Add Submodules Fuzz Target #1919

DaveLak · 2024-05-30T03:08:16Z

Fuzz Introspector heuristics suggest the Submodule API code represent "optimal analysis targets" that should yield a meaningful increase in code coverage. The changes here introduce a first pass at implementing a fuzz harness that cover the primary APIs/methods related to Submodules. Of particular interest to me is the Submodule.config_writer() coverage.

Please note however, there is likely plenty of room for improvement in this harness in terms of both code coverage as well as performance; the latter of which will see significant benefit from a well curated seed corpus of .gitmodules file like inputs. The ParsingError raised by the fuzzer without a good seed corpus hinders test efficacy significantly.

I have a draft PR up with a seed corpus here: gitpython-developers/qa-assets#5

Fuzz Introspector heuristics suggest the Submodule API code represent "optimal analysis targets" that should yield a meaningful increase in code coverage. The changes here introduce a first pass at implementing a fuzz harness that cover the primary APIs/methods related to Submodules. Of particular interest to me is the `Submodule.config_writer()` coverage. Please note however, there is likely plenty of room for improvement in this harness in terms of both code coverage as well as performance; the latter of which will see significant benefit from a well curated seed corpus of `.gitmodules` file like inputs. The `ParsingError` raised by the fuzzer without a good seed corpus hinders test efficacy significantly.

Byron

Thanks a lot for taking such great care!

Part of me thinks that the submodule implementation is so riddled with inaccuracies and and incorrectness that fuzzing it seems like a waste. The fuzzer can only try to find unexpected exceptions, and maybe that's a small win, but at what cost?
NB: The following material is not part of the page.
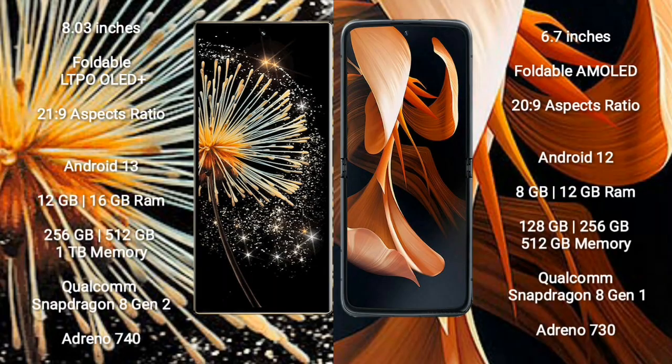Samsung Z Fold 3 comes with an 8-inch foldable LTPO OLED Plus display with aspect ratio 21:9. Motorola Razr 2023 has a 6.7-inch foldable AMOLED display with aspect ratio 20:9. Samsung Z Fold 3 runs on Android 13, while Motorola Razr 2023 runs on Android 12.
Part of that feeling also stems for the incredible sluggishness of Python in general, so any fuzzing feels wasteful. But that's besides the point I suppose, apologies for the ramblings.
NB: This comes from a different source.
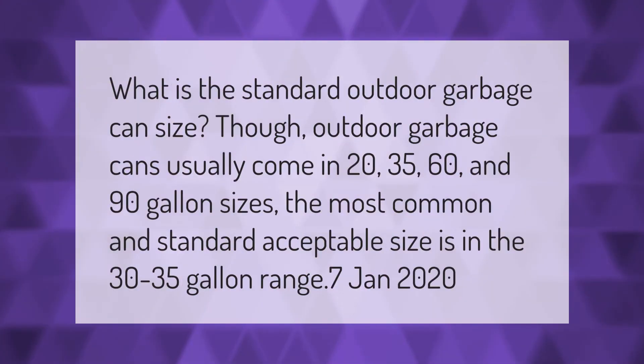What is the standard outdoor garbage can size? Outdoor garbage cans usually come in 20, 35, 60, and 90-gallon sizes, but the most common and standard acceptable sizes are in the 30 to 35-gallon range.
DaveLak · 2024-05-30T20:04:23Z

Please don't apologize, and definitely do not hesitate to reject or push back on any of my PRs! (especially considering that my last few PRs came out of the blue without prior discussion about whether they're even wanted -- sorry about that 😅)

Part of me thinks that the submodule implementation is so riddled with inaccuracies and and incorrectness that fuzzing it seems like a waste. The fuzzer can only try to find unexpected exceptions, and maybe that's a small win, but at what cost?
Part of that feeling also stems for the incredible sluggishness of Python in general, so any fuzzing feels wasteful.

I think your points are perfectly reasonable. Here is how I've been thinking of the value in fuzzing GitPython:

Hopelessly broken or not, GitPython is widely used, so I tend to believe (perhaps too optimistically) that even small wins which result in improved stability can have an outsized impact for some n of users over time. Doing the wrong thing right is better than doing it wrong + unexpected behavior someone will eventually need to debug. That said, I fully respect and understand if you don't think the value justifies the CPU cycles, maintenance burden, or any other reason for that matter.
Similar to the above, I believe continuous fuzzing is well-positioned to identify regressions that traditional unit tests may miss. Even without a CI action run on PRs, the accumulated corpus in ClusterFuzz should be able to identify unexpected exceptions reasonably quickly after they're introduced. But, of course, that is just my hypothesis, which has yet to be validated.
Finally, perhaps from a somewhat naive perspective, I believe that incorporating well-documented and effective fuzzing into GitPython has the potential to benefit the wider Python community. Now, I fully recognize how presumptuous that sounds but here me out. Historically, fuzzing has been used by security experts on lower-level languages with great success, but a lack of easy to use tooling, terse documentation, and few quality examples to emulate has hindered wider adoption in higher-level languages like Python. So I think integrating fuzz testing into a widely-used and complex Python project like GitPython, paired with some quality documentation, can lower the barrier for entry for folks that may be seeking to learn more or just happen to stumble across it (like I did lol.)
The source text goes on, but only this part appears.